[rescue] backup software

N.Miller vraptor at promessage.com
Wed Aug 6 15:21:27 CDT 2003


On Wednesday, August 6, 2003, at 10:34 AM, William Enestvedt wrote:

> Charles Shannon Hendrix wrote:
>>
>> For the most part, I wish to have a scalable backup system that leaves
>> the actual archives in a format than can be read without the backup
>> system.

The OMT ("Official Management Term") for this is "bare metal restore".
NetBackup, iirc, has something to do this with.

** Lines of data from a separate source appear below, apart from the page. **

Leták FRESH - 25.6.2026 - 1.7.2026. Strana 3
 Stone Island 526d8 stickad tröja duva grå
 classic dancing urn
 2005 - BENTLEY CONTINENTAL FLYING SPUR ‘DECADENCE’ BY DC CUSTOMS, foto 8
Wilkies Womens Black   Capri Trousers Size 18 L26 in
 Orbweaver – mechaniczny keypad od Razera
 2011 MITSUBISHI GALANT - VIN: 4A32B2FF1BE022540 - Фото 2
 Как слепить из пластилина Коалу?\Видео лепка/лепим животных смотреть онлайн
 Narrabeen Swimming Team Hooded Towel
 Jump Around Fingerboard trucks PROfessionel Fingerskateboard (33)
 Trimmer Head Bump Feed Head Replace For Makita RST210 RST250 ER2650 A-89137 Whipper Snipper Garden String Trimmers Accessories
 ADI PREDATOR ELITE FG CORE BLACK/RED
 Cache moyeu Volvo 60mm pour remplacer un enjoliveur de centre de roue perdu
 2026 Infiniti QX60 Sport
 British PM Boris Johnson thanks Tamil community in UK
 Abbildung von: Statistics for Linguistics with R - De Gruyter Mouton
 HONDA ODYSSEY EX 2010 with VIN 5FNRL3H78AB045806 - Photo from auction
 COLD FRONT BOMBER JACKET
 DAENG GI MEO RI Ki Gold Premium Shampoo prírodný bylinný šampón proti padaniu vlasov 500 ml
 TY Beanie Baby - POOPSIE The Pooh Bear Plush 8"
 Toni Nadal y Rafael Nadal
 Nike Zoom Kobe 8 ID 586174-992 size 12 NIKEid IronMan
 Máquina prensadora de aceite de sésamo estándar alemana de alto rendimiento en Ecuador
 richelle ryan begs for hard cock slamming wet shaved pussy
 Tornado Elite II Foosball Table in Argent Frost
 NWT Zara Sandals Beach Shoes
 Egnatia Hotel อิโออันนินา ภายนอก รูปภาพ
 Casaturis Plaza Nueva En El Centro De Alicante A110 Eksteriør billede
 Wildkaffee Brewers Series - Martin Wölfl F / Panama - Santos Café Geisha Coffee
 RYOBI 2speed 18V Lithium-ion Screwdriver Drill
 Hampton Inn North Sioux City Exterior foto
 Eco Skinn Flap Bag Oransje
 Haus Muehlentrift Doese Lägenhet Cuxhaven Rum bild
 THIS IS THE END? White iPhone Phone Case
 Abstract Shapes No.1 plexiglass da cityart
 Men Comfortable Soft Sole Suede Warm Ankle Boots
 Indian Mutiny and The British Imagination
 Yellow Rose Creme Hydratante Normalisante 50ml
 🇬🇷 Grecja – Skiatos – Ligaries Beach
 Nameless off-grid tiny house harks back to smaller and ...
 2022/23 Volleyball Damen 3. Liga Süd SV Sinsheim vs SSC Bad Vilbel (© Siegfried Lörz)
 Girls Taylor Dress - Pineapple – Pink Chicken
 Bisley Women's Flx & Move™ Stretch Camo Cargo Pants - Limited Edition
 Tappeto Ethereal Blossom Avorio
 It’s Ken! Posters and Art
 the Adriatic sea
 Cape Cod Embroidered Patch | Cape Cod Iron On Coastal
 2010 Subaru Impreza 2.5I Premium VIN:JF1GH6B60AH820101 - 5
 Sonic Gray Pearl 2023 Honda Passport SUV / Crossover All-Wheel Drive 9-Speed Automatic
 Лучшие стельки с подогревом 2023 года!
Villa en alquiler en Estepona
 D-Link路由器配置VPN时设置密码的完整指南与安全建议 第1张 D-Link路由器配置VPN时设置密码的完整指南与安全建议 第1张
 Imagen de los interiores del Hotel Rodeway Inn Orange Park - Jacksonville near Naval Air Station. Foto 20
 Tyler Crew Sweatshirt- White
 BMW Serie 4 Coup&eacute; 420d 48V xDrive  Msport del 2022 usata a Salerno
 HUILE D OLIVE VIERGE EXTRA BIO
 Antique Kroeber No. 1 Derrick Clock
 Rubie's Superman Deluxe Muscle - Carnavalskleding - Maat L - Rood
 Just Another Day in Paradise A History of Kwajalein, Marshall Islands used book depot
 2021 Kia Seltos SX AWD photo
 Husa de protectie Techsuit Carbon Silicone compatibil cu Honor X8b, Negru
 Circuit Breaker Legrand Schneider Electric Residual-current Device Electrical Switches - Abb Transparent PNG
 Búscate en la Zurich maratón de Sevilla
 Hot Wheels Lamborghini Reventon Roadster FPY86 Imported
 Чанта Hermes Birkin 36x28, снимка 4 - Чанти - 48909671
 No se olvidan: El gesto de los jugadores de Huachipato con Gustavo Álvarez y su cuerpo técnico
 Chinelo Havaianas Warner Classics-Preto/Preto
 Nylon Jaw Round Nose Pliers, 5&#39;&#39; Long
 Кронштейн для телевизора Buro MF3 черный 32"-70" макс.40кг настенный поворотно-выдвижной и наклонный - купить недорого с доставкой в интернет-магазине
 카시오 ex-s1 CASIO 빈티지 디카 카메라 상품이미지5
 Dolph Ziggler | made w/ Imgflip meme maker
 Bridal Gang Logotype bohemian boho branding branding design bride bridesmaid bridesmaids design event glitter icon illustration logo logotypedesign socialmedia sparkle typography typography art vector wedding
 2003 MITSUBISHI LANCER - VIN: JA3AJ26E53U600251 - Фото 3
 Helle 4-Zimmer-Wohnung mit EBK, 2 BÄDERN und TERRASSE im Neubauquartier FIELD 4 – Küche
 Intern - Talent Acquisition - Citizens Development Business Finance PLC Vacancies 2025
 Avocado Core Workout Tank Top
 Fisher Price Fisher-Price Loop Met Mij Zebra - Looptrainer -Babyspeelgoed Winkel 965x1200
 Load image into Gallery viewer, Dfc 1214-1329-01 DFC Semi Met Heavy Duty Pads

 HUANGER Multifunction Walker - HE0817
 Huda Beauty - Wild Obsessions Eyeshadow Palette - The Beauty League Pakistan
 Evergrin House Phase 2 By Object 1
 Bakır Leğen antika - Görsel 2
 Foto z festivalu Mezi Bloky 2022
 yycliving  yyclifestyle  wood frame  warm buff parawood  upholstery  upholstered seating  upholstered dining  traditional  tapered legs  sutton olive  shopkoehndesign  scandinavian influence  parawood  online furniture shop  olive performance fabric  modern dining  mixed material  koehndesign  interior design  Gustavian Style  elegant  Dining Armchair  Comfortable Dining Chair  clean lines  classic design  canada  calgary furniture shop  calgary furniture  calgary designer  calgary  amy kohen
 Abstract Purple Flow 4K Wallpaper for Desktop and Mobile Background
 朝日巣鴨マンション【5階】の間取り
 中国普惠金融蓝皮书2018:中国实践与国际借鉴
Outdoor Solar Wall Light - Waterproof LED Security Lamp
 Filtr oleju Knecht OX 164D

>    NetBackup uses (GNU?) tar to write the archives, and its "database" 
> is a
> vast directory of ASCII files with ctime time-stamps.  Sure, I cuss 
> the out a lot, but at least I can write my own (homely) shells scripts 
> to work with the stuff. (Tape with multiplexed backups is another 
> question entirely...)

And if you are using any kind of linear tape drive, you want a
multiplexed backup, else you are chewing the heads on the tape
drive to shreds.  If you don't feed enough of a stream to LTO/
DLT/AIT, the tape basically saws back and forth over the head
as it writes each "line" of the tape on each segment (block?)
of the tape.  Very ugly.

This also explains why it is important to have no other traffic
clogging up the bus (SCSI/FC) from the host to the tape, and to
have a nice, stable, fast network feeding the tape host data.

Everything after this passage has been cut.